# GIVEN INFORMATION
- - - - -

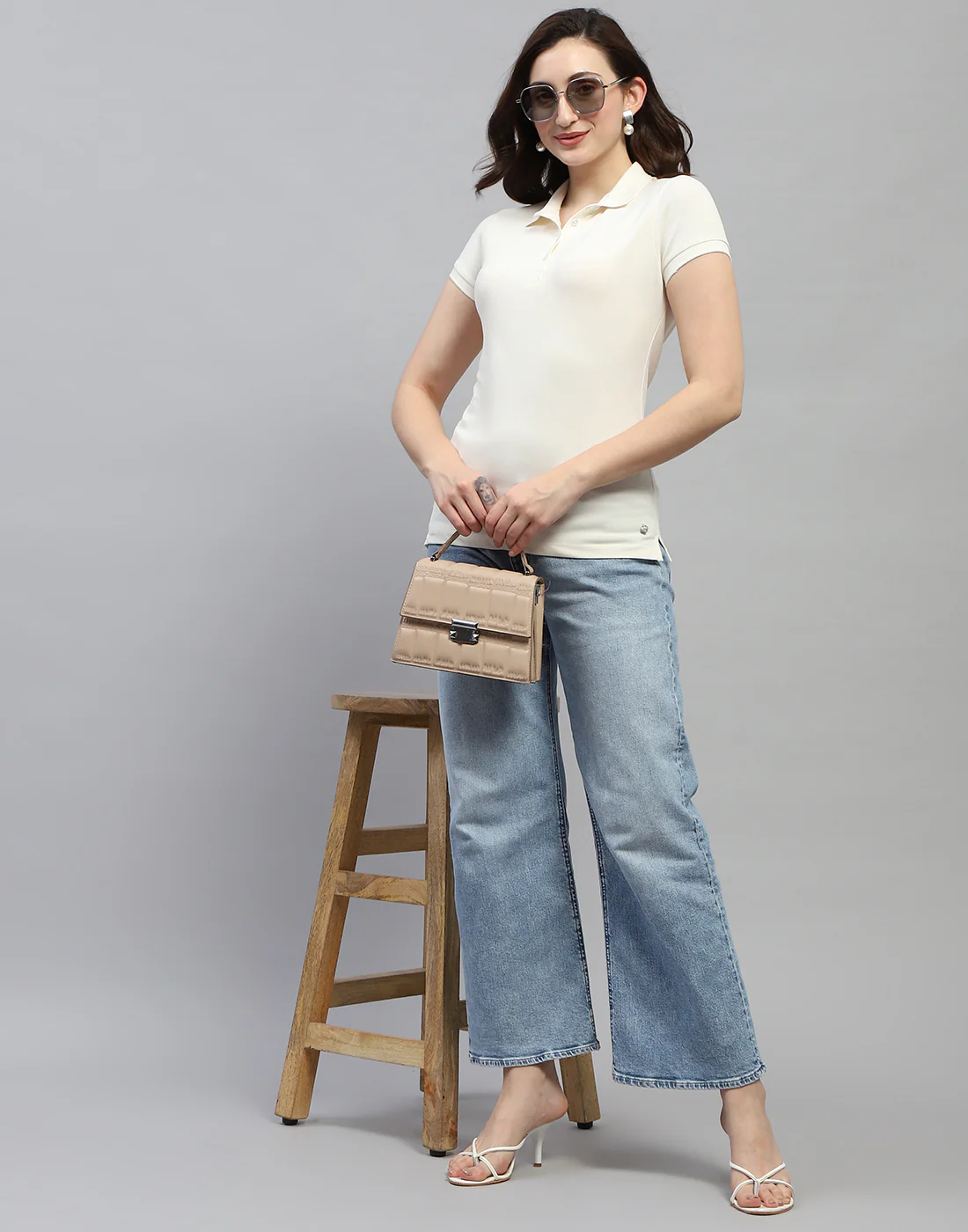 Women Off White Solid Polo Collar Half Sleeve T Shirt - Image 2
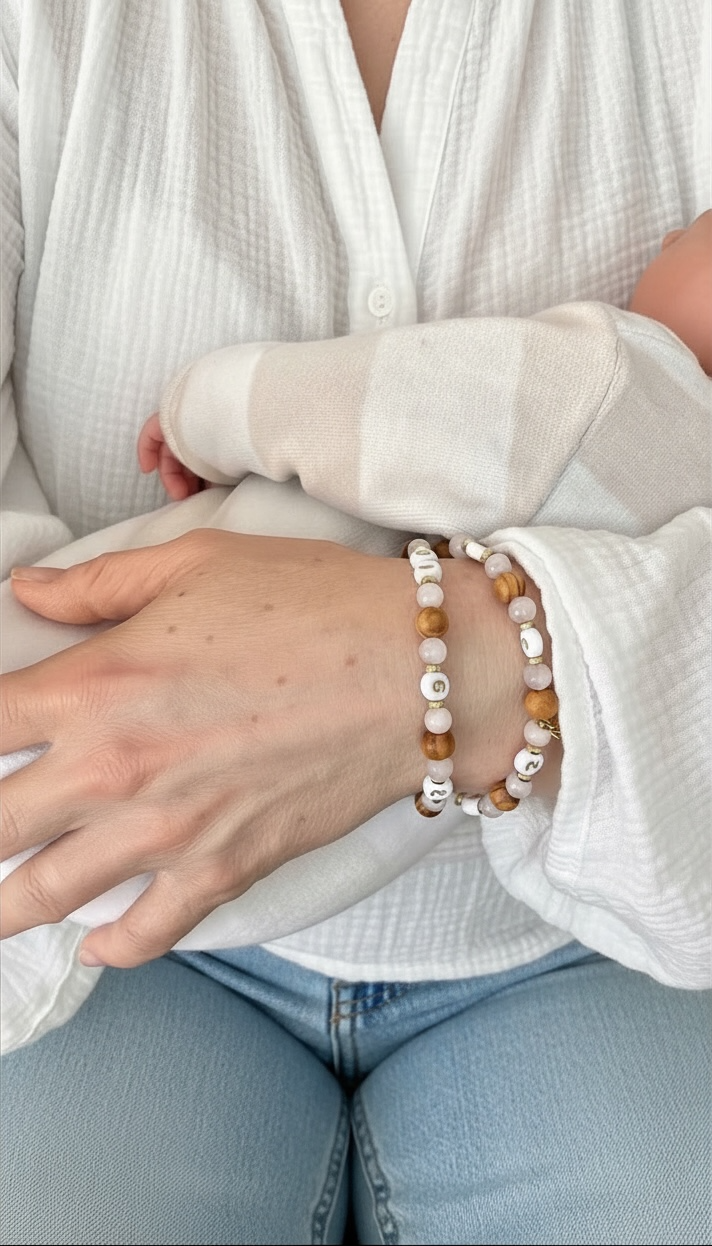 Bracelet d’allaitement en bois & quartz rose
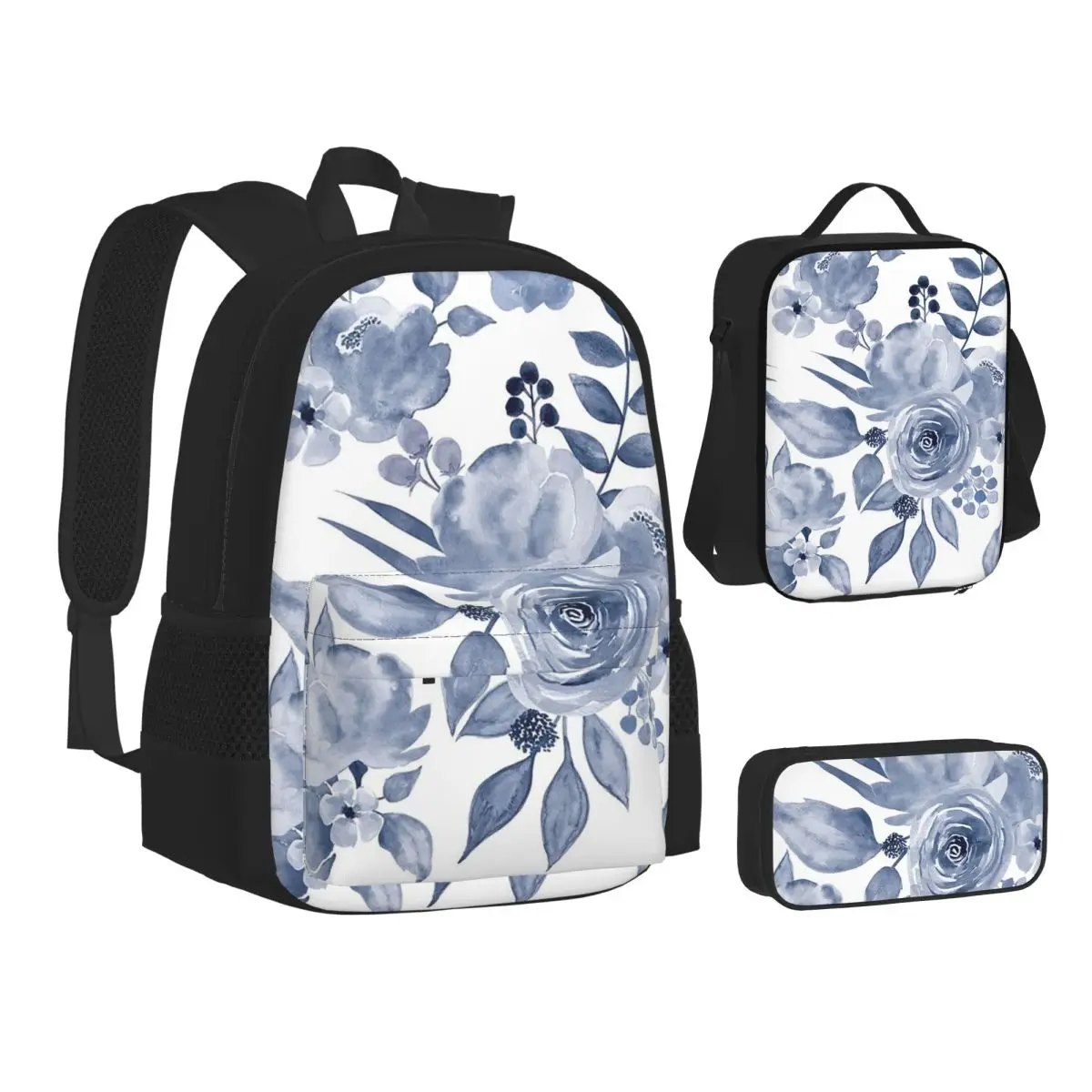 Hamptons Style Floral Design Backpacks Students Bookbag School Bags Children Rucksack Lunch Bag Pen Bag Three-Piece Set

- - - - -

# EXERCISE
Leave the images aside and retype each line of the listing above exactly.

# THE ANSWER
 Women Off White Solid Polo Collar Half Sleeve T Shirt - Image 2
 Bracelet d’allaitement en bois & quartz rose
 Hamptons Style Floral Design Backpacks Students Bookbag School Bags Children Rucksack Lunch Bag Pen Bag Three-Piece Set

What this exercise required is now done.